36. On the facts in this case, it cannot be said that the ratio of Ciba's case : [1968]69ITR692(SC) can be applied in toto. It may be that the know-how forms a part of consideration for which the payments are made. The assessee has not chosen to place any material for apportionment of the payments and because of this the Appellate Assistant Commissioner had made an estimate of the apportionment at 80 per cent. towards capital expenditure and 20 per cent. towards revenue expenditure. The assessee's case before the Tribunal was that the entire amount should be treated as revenue expenditure and it did not choose to take an alternative plea of apportionment. It is not possible to make an apportionment as no material is available. The expenditure incurred con not be said to be only for technical know-how. Technical know-how is knowledge and is intangible property having value like goodwill.
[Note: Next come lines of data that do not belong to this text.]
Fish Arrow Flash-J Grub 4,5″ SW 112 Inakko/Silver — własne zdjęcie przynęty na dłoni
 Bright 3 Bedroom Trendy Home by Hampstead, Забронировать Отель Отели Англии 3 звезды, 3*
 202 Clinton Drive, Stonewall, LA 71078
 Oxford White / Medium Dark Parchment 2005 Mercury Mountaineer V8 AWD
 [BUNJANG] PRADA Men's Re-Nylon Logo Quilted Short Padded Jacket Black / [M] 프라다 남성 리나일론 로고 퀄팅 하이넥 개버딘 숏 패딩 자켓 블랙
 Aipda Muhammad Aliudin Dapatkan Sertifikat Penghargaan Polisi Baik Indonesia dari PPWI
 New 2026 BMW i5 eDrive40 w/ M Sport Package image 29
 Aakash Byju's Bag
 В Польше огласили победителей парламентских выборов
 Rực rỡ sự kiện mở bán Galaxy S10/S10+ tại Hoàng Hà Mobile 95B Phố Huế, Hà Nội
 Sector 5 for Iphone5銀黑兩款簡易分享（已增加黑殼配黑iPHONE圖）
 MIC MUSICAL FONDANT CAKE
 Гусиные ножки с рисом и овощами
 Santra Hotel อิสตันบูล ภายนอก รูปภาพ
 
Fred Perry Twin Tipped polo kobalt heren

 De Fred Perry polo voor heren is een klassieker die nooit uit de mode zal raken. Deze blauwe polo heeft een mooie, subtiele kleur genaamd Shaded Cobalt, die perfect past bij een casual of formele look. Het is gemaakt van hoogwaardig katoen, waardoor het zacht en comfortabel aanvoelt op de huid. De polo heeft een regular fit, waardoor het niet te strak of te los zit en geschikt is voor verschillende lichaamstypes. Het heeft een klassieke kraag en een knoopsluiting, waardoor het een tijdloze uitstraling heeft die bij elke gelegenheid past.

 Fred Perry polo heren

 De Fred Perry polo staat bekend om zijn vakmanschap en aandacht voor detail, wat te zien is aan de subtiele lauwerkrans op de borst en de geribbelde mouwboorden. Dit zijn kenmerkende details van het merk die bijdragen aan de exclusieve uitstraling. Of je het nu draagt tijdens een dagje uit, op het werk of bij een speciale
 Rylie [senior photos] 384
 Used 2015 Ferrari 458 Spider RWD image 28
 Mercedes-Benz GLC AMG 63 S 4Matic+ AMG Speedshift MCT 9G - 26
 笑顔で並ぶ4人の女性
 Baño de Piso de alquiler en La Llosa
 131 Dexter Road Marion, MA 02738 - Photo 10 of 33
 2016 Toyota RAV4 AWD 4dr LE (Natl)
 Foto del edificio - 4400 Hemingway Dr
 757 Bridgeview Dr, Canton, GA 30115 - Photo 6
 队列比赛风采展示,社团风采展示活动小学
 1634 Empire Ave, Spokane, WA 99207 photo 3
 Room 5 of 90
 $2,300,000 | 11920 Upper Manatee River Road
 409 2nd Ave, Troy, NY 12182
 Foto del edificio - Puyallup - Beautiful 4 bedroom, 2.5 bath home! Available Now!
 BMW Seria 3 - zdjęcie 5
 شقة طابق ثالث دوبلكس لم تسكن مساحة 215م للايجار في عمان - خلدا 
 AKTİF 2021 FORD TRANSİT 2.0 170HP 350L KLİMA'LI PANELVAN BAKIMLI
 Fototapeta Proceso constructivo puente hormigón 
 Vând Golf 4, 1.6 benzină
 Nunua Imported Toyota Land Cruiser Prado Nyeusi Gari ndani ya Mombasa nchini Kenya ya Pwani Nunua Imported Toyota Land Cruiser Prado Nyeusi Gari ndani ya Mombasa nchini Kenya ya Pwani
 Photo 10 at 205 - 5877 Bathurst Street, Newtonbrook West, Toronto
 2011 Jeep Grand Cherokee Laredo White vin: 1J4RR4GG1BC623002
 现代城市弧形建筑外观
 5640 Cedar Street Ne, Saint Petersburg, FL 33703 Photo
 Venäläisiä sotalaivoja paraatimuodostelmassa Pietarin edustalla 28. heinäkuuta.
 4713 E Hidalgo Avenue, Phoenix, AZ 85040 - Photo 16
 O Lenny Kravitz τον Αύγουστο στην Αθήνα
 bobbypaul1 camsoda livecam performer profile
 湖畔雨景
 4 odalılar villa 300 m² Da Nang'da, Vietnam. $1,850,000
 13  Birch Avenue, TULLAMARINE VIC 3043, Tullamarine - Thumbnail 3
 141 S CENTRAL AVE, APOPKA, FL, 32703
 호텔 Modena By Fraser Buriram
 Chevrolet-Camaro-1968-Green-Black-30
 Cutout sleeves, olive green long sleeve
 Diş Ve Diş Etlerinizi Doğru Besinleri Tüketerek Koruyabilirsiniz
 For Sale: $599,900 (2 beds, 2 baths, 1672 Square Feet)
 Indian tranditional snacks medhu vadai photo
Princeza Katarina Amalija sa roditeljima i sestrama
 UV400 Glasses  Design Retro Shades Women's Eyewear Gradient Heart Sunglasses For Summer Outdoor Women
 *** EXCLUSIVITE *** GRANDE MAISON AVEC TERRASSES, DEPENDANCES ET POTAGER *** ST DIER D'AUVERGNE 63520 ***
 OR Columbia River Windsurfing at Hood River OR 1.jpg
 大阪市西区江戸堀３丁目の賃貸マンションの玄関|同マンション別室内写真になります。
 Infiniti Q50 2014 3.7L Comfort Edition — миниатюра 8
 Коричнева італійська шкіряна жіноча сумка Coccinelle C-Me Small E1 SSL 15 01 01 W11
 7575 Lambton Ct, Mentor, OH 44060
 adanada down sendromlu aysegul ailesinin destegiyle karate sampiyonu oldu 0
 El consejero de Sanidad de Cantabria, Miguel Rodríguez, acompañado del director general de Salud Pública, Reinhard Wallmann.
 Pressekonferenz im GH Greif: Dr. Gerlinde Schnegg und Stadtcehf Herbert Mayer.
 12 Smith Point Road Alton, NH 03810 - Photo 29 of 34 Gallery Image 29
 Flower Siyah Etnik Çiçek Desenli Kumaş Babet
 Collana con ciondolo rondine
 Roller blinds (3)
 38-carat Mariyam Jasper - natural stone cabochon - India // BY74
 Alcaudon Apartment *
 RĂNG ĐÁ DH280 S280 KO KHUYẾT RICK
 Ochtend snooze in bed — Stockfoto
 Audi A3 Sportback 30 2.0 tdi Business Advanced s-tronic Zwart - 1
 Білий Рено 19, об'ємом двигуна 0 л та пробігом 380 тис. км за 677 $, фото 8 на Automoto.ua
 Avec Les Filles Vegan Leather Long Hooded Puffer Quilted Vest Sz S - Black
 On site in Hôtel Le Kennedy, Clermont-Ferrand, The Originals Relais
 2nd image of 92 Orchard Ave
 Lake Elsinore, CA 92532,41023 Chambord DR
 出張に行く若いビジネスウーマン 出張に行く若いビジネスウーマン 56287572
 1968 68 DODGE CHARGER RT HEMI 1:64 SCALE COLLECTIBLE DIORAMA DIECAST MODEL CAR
Though the agreement may describe the payment as towards technical fees, it is not conclusive of the matter and the nature of the payment will have to be determined on the material on record.

37. The Tribunal, therefore, was not justified in law in holding that the amount paid by the assessee for the two assessment years for technical know-how was revenue expenditure. Question No. 6 is answered in the negative and against the assessee.

38. The answers to the questions referred are as follows :

Question No. 1 is answered in the affirmative and against the Revenue.

Question No. 2 has become academic and need not be answered.

Question No. 3 is answered in the affirmative and against the Revenue.

Question No. 4 is answered in the affirmative and against the Revenue.

Question No. 5 is answered in the affirmative and against the Revenue.

Question No. 6 is answered in the negative and against the assessee.

Question No. 7 is answered in the affirmative and against the Revenue.

Question No. 8 is answered in the negative.

Question No. 9 is answered in the affirmative and in favour of the assessee.

Question No. 10 has become academic and need not be answered.

Question No. 11 is answered in the affirmative and in favour of the assessee.

Question No. 12 is answered in the negative and against the assessee.

Question No. 13 is answered in the negative and against the assessee.

Question No. 14 is answered in the affirmative and in favour of the assessee.

Question No. 15 is answered in the negative and against the assessee to the extent indicated above.

Question No. 16 is answered in the affirmative and in favour of the assessee.

Question No. 17 is answered in the affirmative and in favour of the assessee.

Question No. 18 is answered in the affirmative and in favour of the assessee, and

Question No. 19 is answered in the affirmative and in favour of the assessee.

39. The reference is answered accordingly. In the circumstances of the case, parties shall bear their own costs.